**WORK ITEM**
After finding the line that holds "5467 Uwharrie Road Property Photo" below, set down that line and the rest through the final one exactly, leaving the pictures out.

**RECORDED DATA**
---

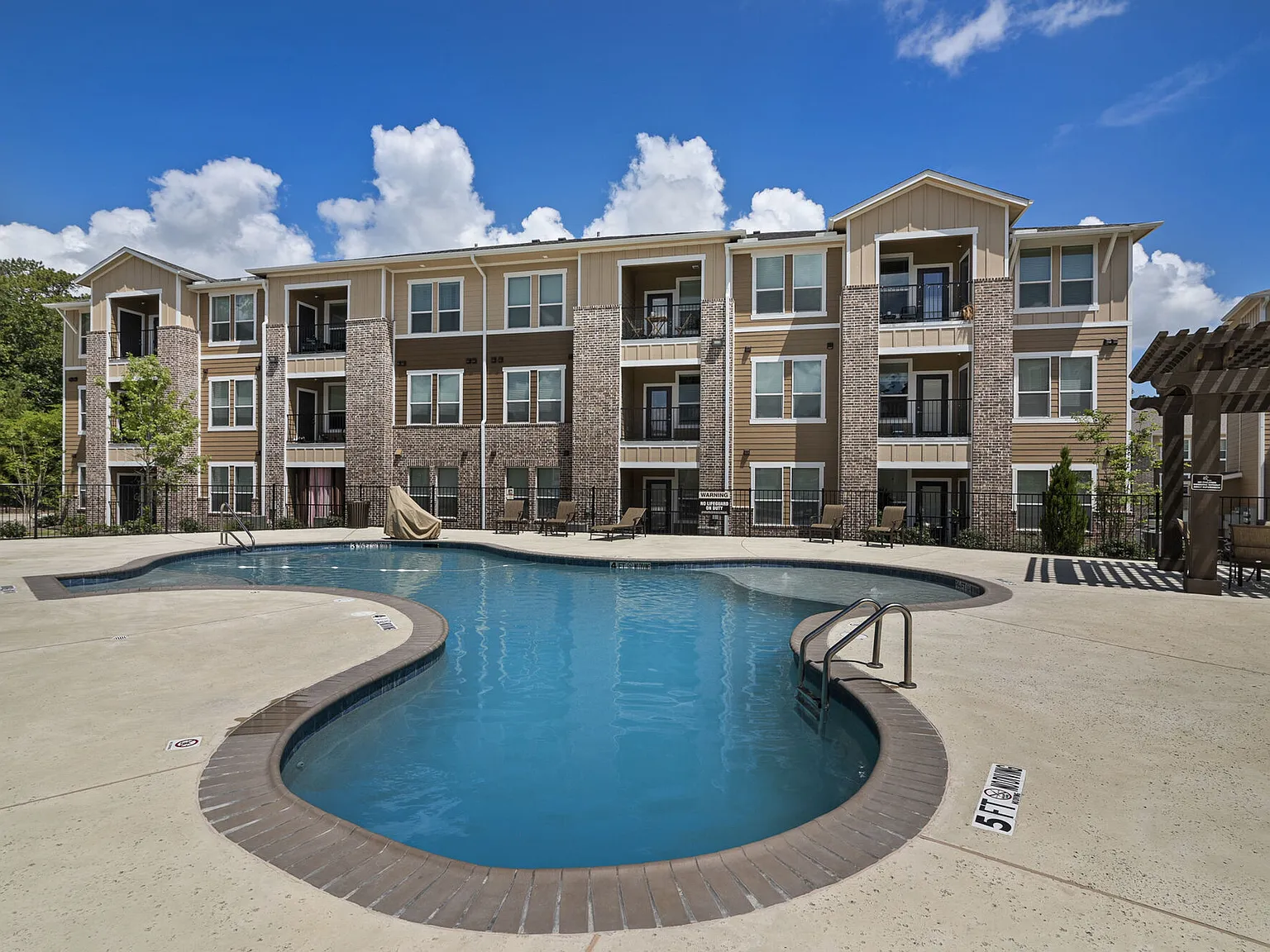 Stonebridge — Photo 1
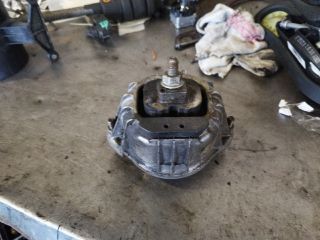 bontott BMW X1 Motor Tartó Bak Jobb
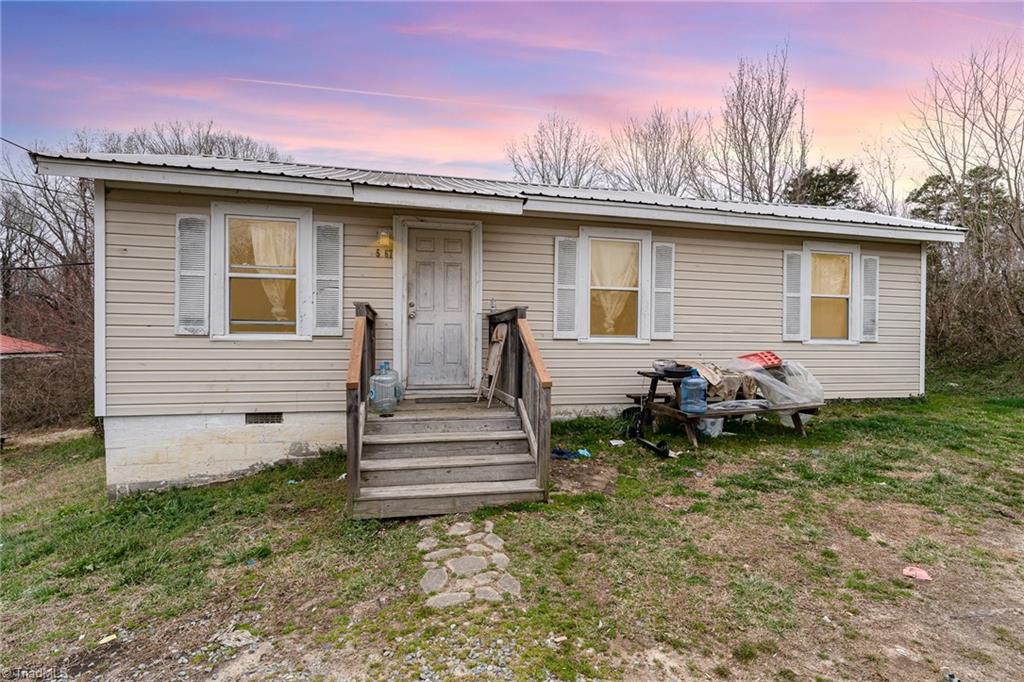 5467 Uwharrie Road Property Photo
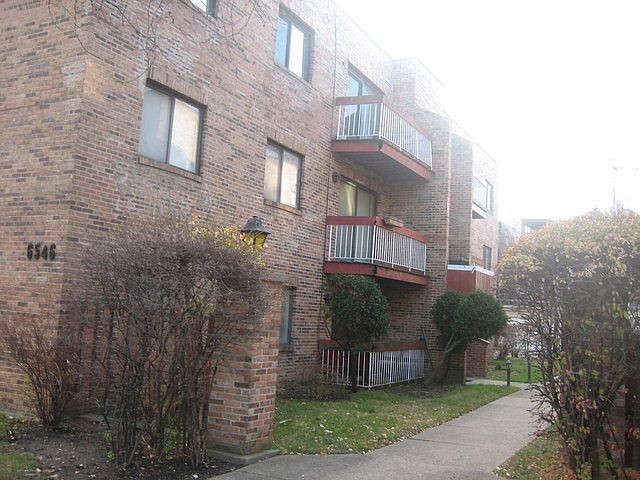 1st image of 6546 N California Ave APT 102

---

**REPLY**
 5467 Uwharrie Road Property Photo
 1st image of 6546 N California Ave APT 102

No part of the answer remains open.